───── The records

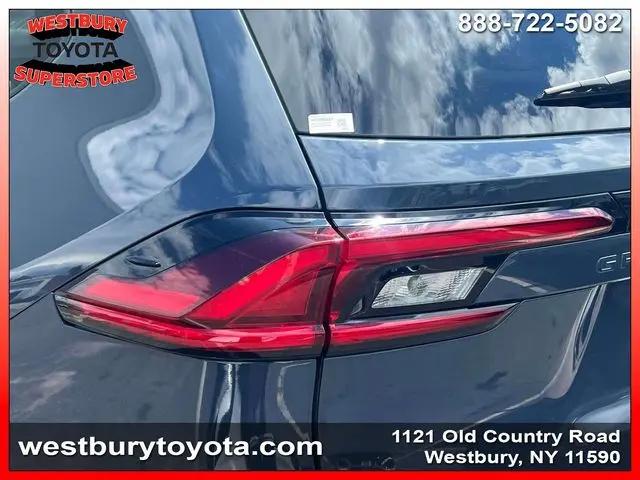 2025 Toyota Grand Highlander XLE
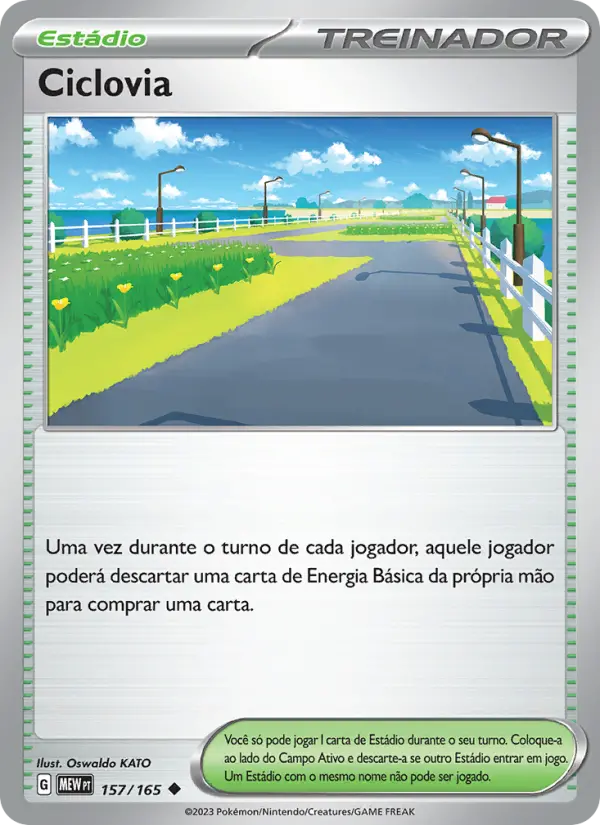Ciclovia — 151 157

──────────
───── The records

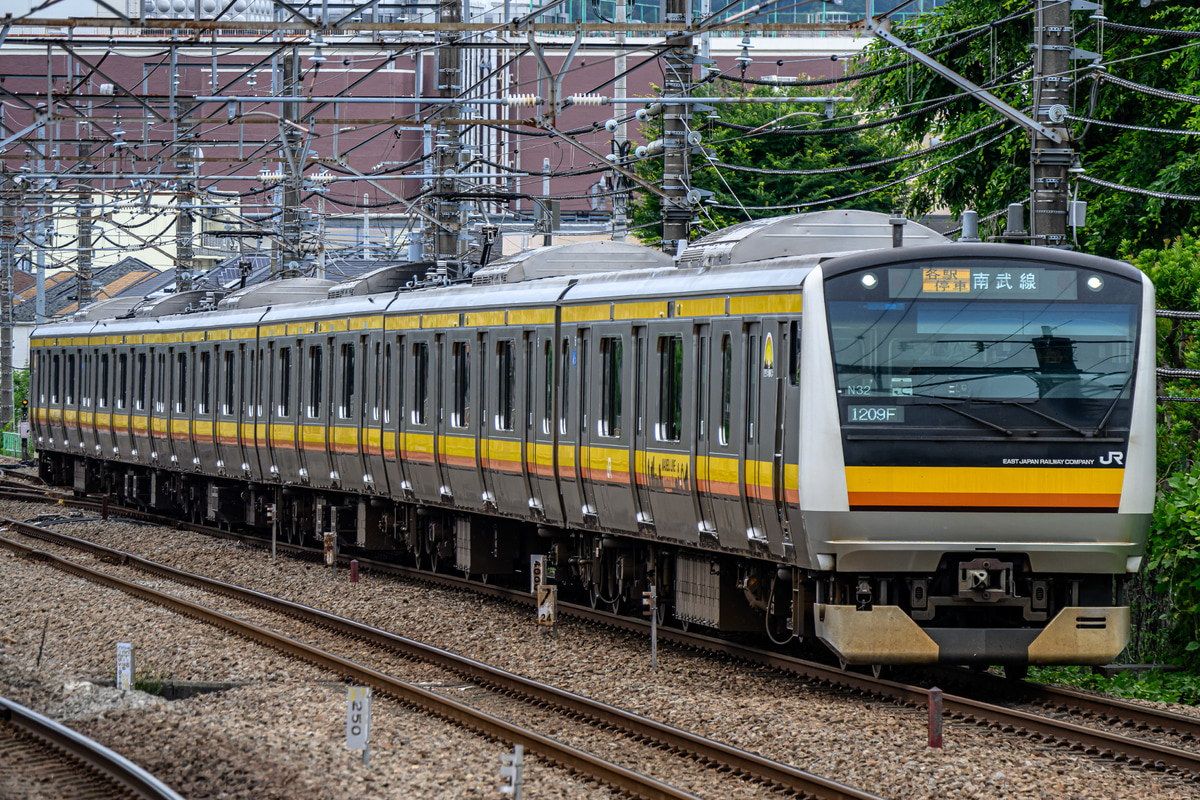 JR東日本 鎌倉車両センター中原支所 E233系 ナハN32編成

──────────

Task prompt: The answer is the lines of the material above, from the one containing "2025 Toyota Grand Highlander XLE" down to the one containing "Ciclovia — 151 157", given exactly and without images.

Exercise response:
 2025 Toyota Grand Highlander XLE
Ciclovia — 151 157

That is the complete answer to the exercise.